◆ TASK TO COMPLETE: Print, in exact form, the lines below from the one containing "Ferienwohnungen Haus Peer" through the one containing "EspritMeuble 2026 : l’innovation", and omit all others.

◆ DATA PROVIDED:
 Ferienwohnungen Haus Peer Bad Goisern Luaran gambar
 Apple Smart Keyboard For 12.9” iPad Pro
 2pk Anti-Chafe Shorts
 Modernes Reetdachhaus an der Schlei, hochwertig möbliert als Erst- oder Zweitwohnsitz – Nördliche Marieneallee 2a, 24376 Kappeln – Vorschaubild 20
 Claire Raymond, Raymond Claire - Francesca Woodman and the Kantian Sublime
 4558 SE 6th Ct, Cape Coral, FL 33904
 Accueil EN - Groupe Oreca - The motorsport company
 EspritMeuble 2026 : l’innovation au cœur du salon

...

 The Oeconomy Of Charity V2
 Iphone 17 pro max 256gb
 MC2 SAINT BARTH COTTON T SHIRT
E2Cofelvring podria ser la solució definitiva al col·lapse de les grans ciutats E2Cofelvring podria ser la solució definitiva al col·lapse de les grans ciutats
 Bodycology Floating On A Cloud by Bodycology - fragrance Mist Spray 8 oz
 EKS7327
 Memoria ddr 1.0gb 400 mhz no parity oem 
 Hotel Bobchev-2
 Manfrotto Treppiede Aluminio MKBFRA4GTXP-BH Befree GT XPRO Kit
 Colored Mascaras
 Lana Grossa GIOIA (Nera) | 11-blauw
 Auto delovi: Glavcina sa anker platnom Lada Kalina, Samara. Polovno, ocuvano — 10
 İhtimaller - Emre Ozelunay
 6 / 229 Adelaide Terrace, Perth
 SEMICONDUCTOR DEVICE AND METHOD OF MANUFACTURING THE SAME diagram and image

◆ ANSWER BELOW:
 Ferienwohnungen Haus Peer Bad Goisern Luaran gambar
 Apple Smart Keyboard For 12.9” iPad Pro
 2pk Anti-Chafe Shorts
 Modernes Reetdachhaus an der Schlei, hochwertig möbliert als Erst- oder Zweitwohnsitz – Nördliche Marieneallee 2a, 24376 Kappeln – Vorschaubild 20
 Claire Raymond, Raymond Claire - Francesca Woodman and the Kantian Sublime
 4558 SE 6th Ct, Cape Coral, FL 33904
 Accueil EN - Groupe Oreca - The motorsport company
 EspritMeuble 2026 : l’innovation au cœur du salon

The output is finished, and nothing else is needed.